#### [What is being asked]
Copy the lines below exactly, starting at the line that contains "Продаж квартири Щасливе" and stopping after the last line, and include no other lines.

#### [Source data]
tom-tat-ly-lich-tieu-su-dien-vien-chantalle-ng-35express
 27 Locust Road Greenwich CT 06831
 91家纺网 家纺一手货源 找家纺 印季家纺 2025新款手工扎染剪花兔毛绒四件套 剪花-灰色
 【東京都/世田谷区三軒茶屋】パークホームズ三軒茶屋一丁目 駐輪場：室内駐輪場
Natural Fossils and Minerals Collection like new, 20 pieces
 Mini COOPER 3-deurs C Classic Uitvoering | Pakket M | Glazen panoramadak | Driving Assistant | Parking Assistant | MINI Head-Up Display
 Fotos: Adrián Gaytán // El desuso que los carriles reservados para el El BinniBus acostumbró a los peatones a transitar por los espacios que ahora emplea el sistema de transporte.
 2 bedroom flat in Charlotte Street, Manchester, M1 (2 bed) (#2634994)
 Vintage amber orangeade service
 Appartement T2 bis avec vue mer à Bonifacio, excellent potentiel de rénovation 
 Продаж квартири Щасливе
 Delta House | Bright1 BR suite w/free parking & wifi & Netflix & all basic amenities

#### [Output below]
 Продаж квартири Щасливе
 Delta House | Bright1 BR suite w/free parking & wifi & Netflix & all basic amenities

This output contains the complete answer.